By comparison with many other nations, our country over the years has adopted stronger health and safety standards in the environment, marketplace, and workplace. Many of these standards have been under attack by the mindless deregulators of the Reagan/Bush Administrations. Now, a new assault looms on the horizon in the guise of “free trade” to weaken past or deter future efforts for food, drug, air, water, automobile, and industrial safety. For months, the Bush Administration and representatives from 107 other nations have been meeting behind closed doors to expand the General Agreement on Tariffs and Trade (GATT). The final draft of the negotiations, published last December, is a raw deal for American citizens and the global environment, jeopardizing existing national environmental, labor and consumer laws as well as our ability to legislate stronger laws in the future.
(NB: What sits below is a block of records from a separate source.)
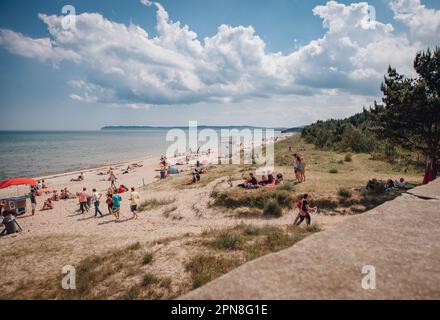 Eine malerische Strandszene mit einer großen Menschenmenge, die das warme Sommerwetter und das glitzernde Meer im Hintergrund genießen Stockfoto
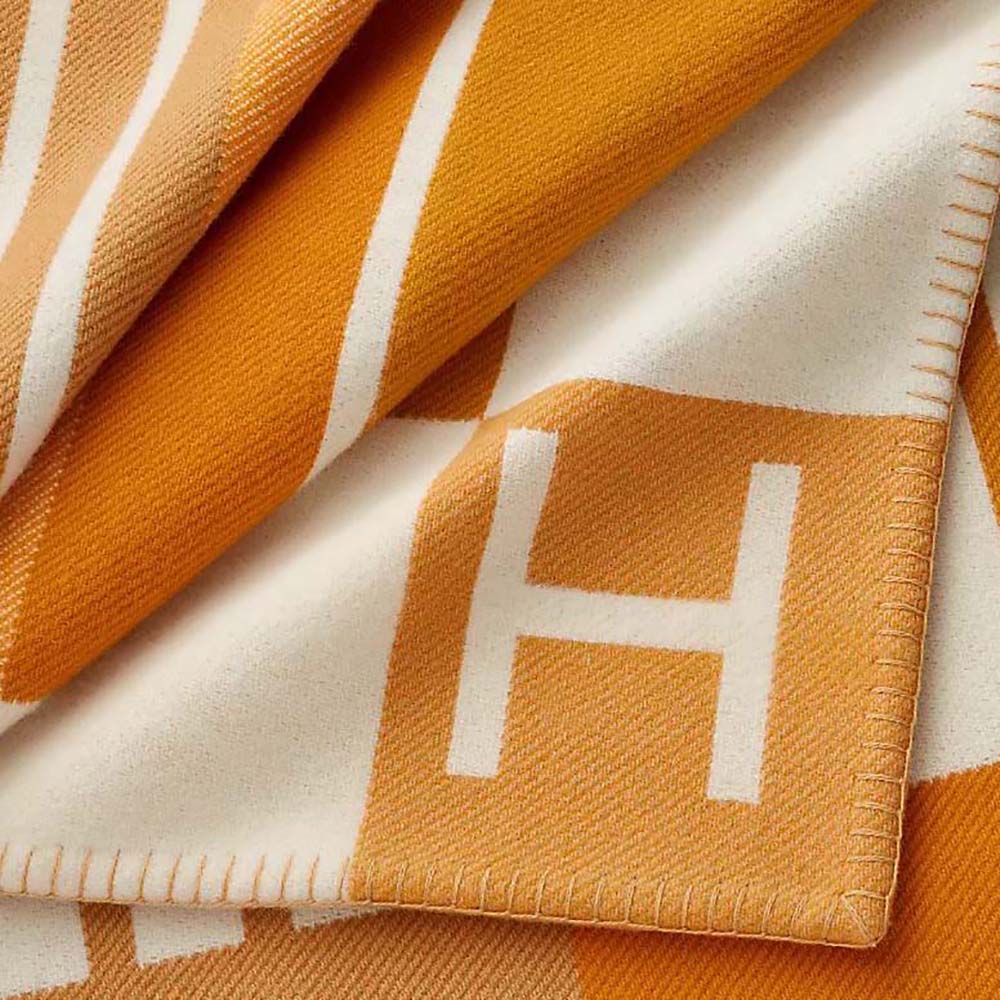Close-up on jacquard vibration pattern of Hermes Unisex Avalon Vibration Throw Blanket-Orange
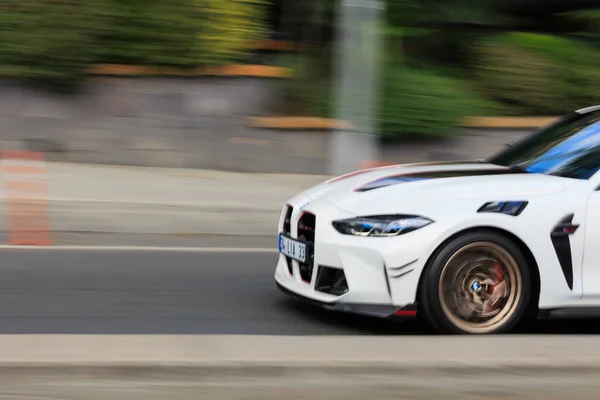 Yoldaki beyaz spor bir arabanın pan fotoğrafı, çevirme tekniği.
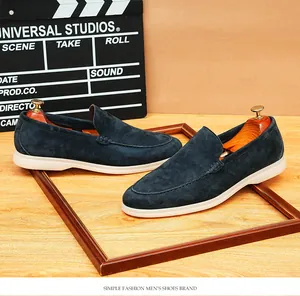 Premium dark blue suede loafers for men with soft white soles and comfortable slip-on design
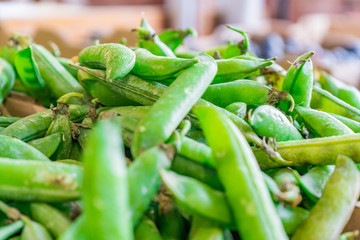 Pile of green snap peas (pea pods) being sold at a farmer's market.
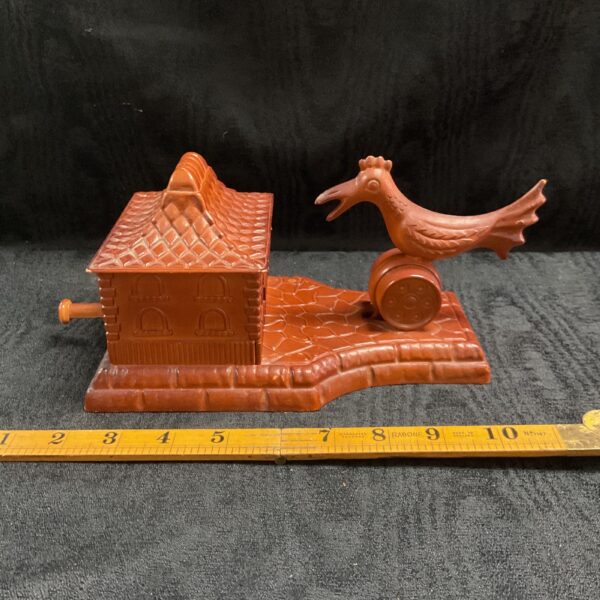 Vintage bakelite cigarette dispenser with bird sculpture.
Similarly, the announcement of a proposed North American Free Trade Agreement (NAFTA) is imminent. NAFTA will effectively be a mini‑ GATT for the U.S., Canada, and Mexico. Like GATT, NAFTA can have adverse effects on our current laws and our national sovereignty.
The pitfalls of these trade agreements, especially what is meant by “non-tariff trade barriers,” are rarely discussed by the media or the Bush Administration.
These agreements jeopardize current U.S. safety and environmental regulations which are out of line with GATT or NAFTA policies. To expand trade, the Administration and its multinational corporate allies argue, environmental and consumer standards must be harmonized among nations to consistent levels so as not to inhibit the free flow of goods. Unfortunately for the U.S., this harmonization could mean a ratcheting downward for many existing federal and state standards to meet lower foreign common denominators, since most U.S. laws are currently stronger than the standards named in GATT and NAFTA.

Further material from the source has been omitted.